NOTES for HebĀ 7:11-19
Turning to the theme of the Torah (the Law), the author of the epistle reasons about it in the same way as his teacher Paul. He sees several levels of Torah: on the one hand, Torah as legislation, as a legal and moral code, and on the other, the inner Torah as a spiritual core and a spiritual and moral imperative that defines a person's relationship with God and his whole life. It is clear that the author of the epistle looks at Christ in the same way as all Christians of that time did: as the only example in the history of the people of God of the living Torah.

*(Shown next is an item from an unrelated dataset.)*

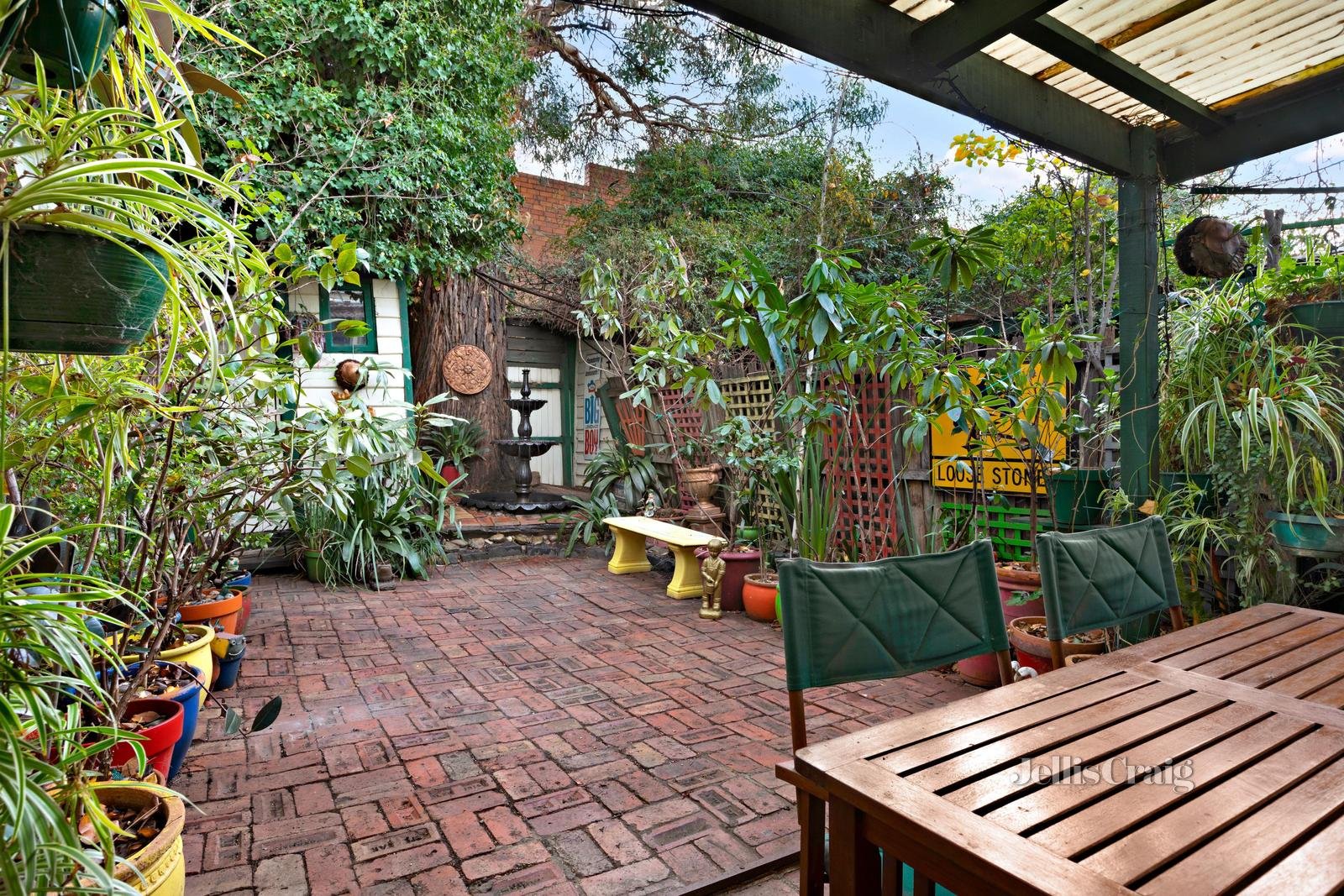 1 Ovens Street, Moonee Ponds image 8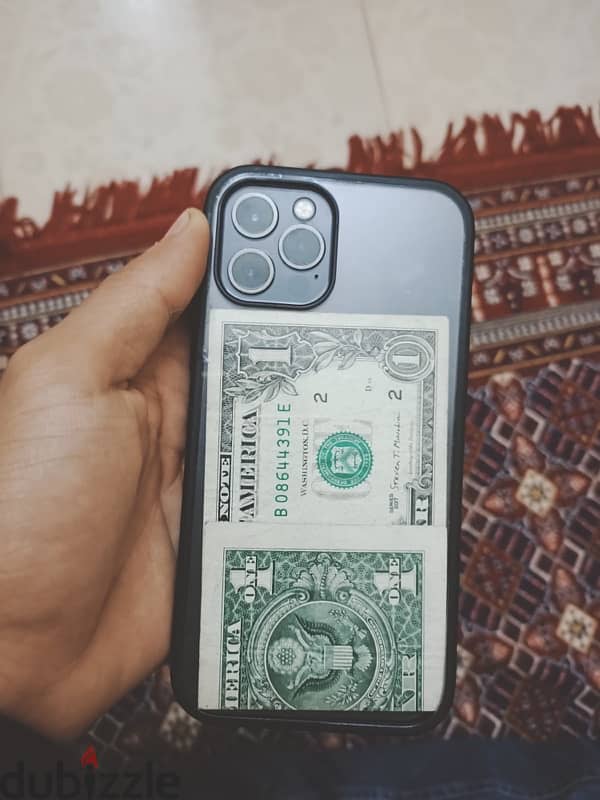 iPhone 12 pro ايفون 6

Continuing Paul's thought about the Torah and extending it to the Levitical priesthood, he says: just as the Torah by itself does not make a person perfect, so the priesthood existing within the framework of such a Torah, which does not bring to perfection, cannot sanctify the people in all fullness. Paul speaks often and at length in his epistles about the fact that the Torah, even the inner Torah, still does not make a person perfect, that it cannot qualitatively change human nature and free it from the power of sin. But the Levitical priests are the same sinful people as everyone else; none of them revealed to the world examples of the living Torah. And if so, then the sanctification by which God sanctified the people through their priestly action could not be complete. The fullness of the Torah is the living Torah, and the living Torah is Christ Himself.
In Christ there is a change, or alteration, of the Torah, and therefore the priesthood must also change. Of course, this does not mean that some other priestly community or corporation should come to replace the Levitical priesthood. The point is different: it concerns the manner and fullness of the people's sanctification, corresponding to the new quality of their life. In fact, for life in the Kingdom, for abiding as part of the body of Christ, a Christian must be sanctified in all the fullness possible for him, in a way he was never sanctified through Yahwist sacrifices, because no person in a fallen state can be sanctified completely.
But now, in the process of a person becoming a living Torah (and the path in Christ, the path of becoming like Christ, was understood by the first generations of Christians precisely as a person's becoming in Christ as the living Torah), he must be sanctified precisely in fullness, since it is given to him as a created being. And such sanctification is possible only in that spiritual space of the relationship between the Father and the Son where the Church also abides. There the High Priest is already Christ Himself, and the fullness of sanctification also proves to correspond to Him.